Web page caption snippets:
[Start of Attachment]

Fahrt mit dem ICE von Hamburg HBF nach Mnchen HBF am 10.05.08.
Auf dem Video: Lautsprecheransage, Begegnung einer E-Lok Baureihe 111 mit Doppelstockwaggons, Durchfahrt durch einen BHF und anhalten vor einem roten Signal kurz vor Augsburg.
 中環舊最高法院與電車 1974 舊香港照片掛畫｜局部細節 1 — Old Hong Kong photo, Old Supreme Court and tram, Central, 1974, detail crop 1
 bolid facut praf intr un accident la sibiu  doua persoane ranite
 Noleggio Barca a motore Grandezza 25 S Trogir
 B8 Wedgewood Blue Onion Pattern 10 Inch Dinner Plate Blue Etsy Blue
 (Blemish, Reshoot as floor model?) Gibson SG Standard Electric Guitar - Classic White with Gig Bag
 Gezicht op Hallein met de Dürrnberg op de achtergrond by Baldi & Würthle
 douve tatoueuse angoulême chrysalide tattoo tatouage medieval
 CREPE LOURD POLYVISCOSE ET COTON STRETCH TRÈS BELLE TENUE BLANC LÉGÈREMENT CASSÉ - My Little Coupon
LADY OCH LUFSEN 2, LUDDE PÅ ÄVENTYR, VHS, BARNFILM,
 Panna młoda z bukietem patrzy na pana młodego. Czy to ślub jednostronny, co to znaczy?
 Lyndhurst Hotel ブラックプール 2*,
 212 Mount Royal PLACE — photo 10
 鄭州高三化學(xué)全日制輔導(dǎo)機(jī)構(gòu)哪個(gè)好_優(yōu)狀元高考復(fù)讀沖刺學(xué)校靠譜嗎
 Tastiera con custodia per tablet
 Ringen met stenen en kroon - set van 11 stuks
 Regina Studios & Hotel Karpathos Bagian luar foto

[End of Attachment]

● **Exercise aim**
Copy each line above where "Hotel" appears.

● **Exercise result**
 Lyndhurst Hotel ブラックプール 2*,
 Regina Studios & Hotel Karpathos Bagian luar foto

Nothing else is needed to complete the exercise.